# About this task:
Only lines holding the word "Images" are wanted from the records; copy all of them.

[Scraped caption text data]
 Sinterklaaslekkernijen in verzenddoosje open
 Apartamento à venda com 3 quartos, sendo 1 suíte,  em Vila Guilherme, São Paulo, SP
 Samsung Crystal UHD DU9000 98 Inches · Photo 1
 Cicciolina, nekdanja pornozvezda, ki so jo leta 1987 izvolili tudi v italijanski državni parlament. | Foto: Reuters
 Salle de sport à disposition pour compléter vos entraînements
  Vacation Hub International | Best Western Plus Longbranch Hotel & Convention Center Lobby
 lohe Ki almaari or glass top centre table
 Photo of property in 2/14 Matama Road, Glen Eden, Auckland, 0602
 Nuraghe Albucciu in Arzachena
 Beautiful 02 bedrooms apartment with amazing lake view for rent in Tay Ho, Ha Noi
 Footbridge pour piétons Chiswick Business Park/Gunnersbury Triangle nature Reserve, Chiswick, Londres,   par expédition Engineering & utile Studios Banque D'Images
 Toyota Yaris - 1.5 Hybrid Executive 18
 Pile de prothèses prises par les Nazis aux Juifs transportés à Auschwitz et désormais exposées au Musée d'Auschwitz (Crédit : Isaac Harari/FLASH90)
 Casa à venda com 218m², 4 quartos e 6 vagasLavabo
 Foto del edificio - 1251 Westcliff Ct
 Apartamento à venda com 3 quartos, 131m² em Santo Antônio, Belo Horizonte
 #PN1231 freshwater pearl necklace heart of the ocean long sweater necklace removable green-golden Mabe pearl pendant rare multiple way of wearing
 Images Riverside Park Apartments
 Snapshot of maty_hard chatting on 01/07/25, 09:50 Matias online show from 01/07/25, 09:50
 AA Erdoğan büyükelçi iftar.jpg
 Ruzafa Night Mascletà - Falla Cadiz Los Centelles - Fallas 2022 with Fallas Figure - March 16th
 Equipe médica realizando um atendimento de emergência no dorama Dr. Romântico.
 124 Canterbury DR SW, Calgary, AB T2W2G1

# Answer to the problem:
 Footbridge pour piétons Chiswick Business Park/Gunnersbury Triangle nature Reserve, Chiswick, Londres,   par expédition Engineering & utile Studios Banque D'Images
 Images Riverside Park Apartments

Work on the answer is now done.